Ancien critique aux Cahiers du cinéma puis co-scénariste notamment auprès d’André Téchiné et de Jacques Rivette, Pascal Bonitzer est venu tardivement à la mise en scène. Avec Petites coupures, il signe un troisième long métrage dans la veine du précédent Rien sur Robert. Daniel Auteuil y est confronté tour à tour à quatre femmes différentes qui font chavirer son cœur. Le film est présenté cette année en compétition officielle à Berlin.


"Au milieu du chemin de notre vie, je me trouvai dans une forêt obscure, car j’avais perdu la voie droite..." Ces premiers vers de la Divine comédie de Dante ont inspiré à Pascal Bonitzer le projet de Petites Coupures. Le cinéaste va même jusqu’à mettre en images cet incipit dans une des scènes clés du film. Bruno (Daniel Auteuil) est à la recherche d’une maison perdue dans une forêt de l’Isère où réside l’amant de la femme de son oncle et ami Gérard (Jean Yanne). Ce dernier lui a confié la mission de remettre une lettre à son rival. Que peut bien faire cet intellectuel parisien perdu en pleine nuit au milieu du brouillard pris à parti dans une affaire qui ne le concerne pas ? Sans doute ne le sait-il pas lui-même.

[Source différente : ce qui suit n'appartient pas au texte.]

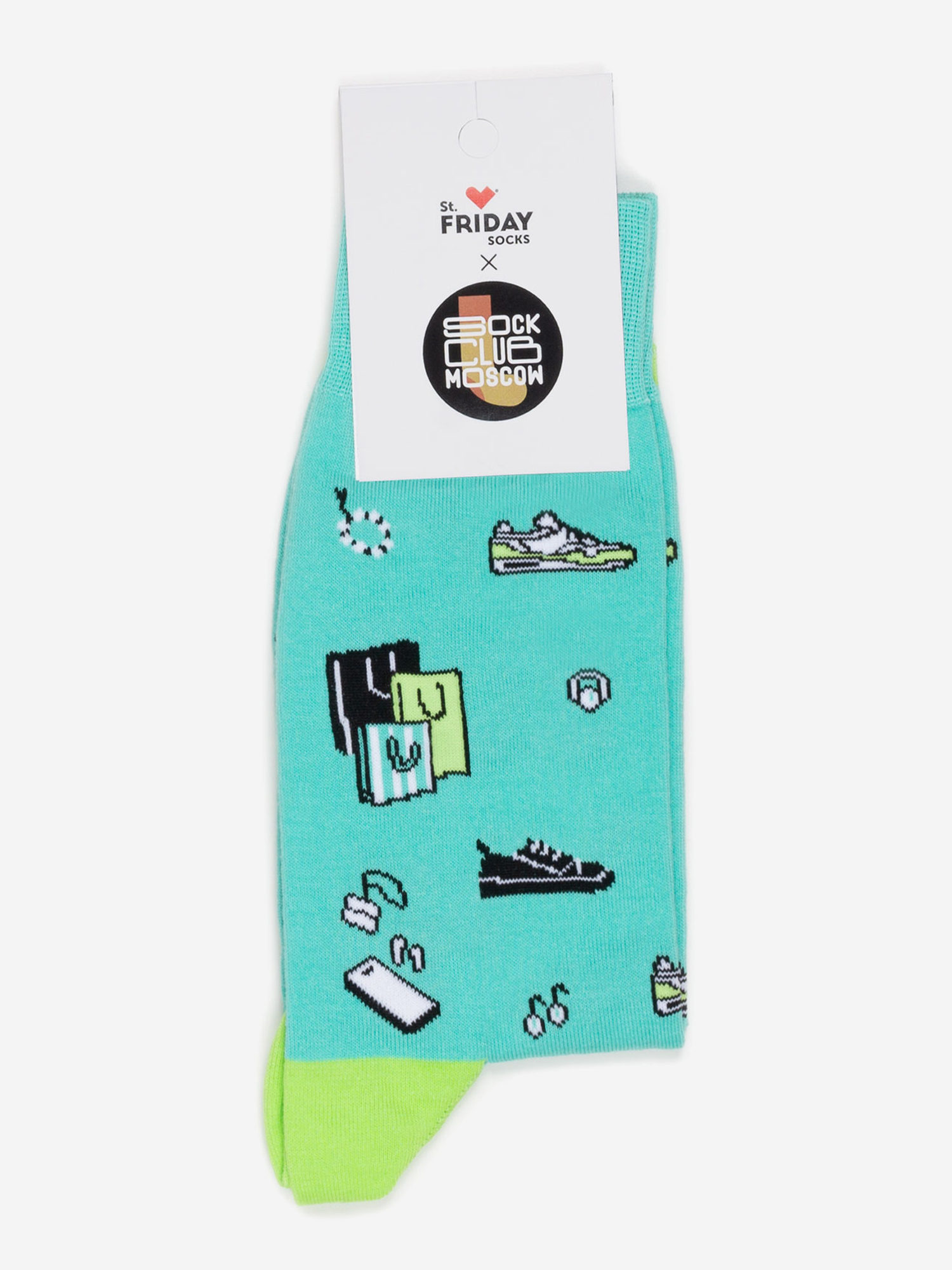 

Носки с рисунками St.Friday Socks x Sock Club Moscow, Покупки, Зеленый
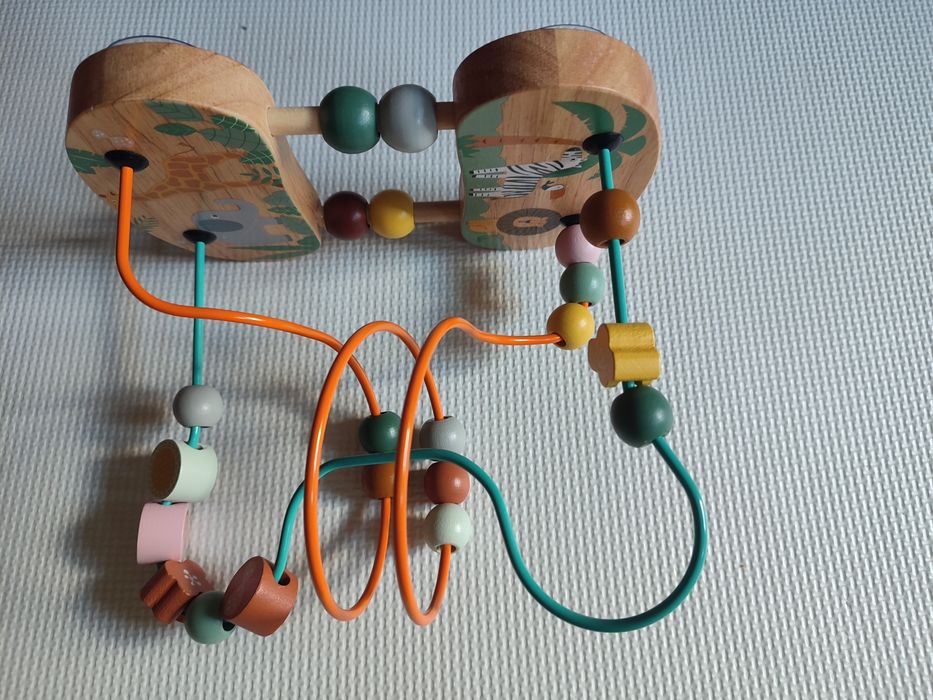 Labirynt zwierzęcy Smiki -przeplatanka zabawka zręcznościowa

Car il faut bien le dire Bruno a tout de l’homme moderne désorienté. Communiste à l’heure de la chute du mur de Berlin et des atrocités de Milosevic en Yougoslavie, il ne sait plus trop où il en est. Loin de son quotidien parisien, il est des plus vulnérables. S’il essaie tant bien que mal de rester fidèle à ses idées politiques, sans grande conviction bien sûr, sur le plan sentimental, il a plutôt tendance à s’éparpiller. En couple avec Gaëlle (Emmanuelle Devos) depuis plusieurs années, il la trompe avec Nathalie (Ludivine Sagnier), une jeune adolescente pour qui il n’a aucune affection particulière. Plus tard, il tombera même sous les charmes de Mathilde (Pascal Buissières.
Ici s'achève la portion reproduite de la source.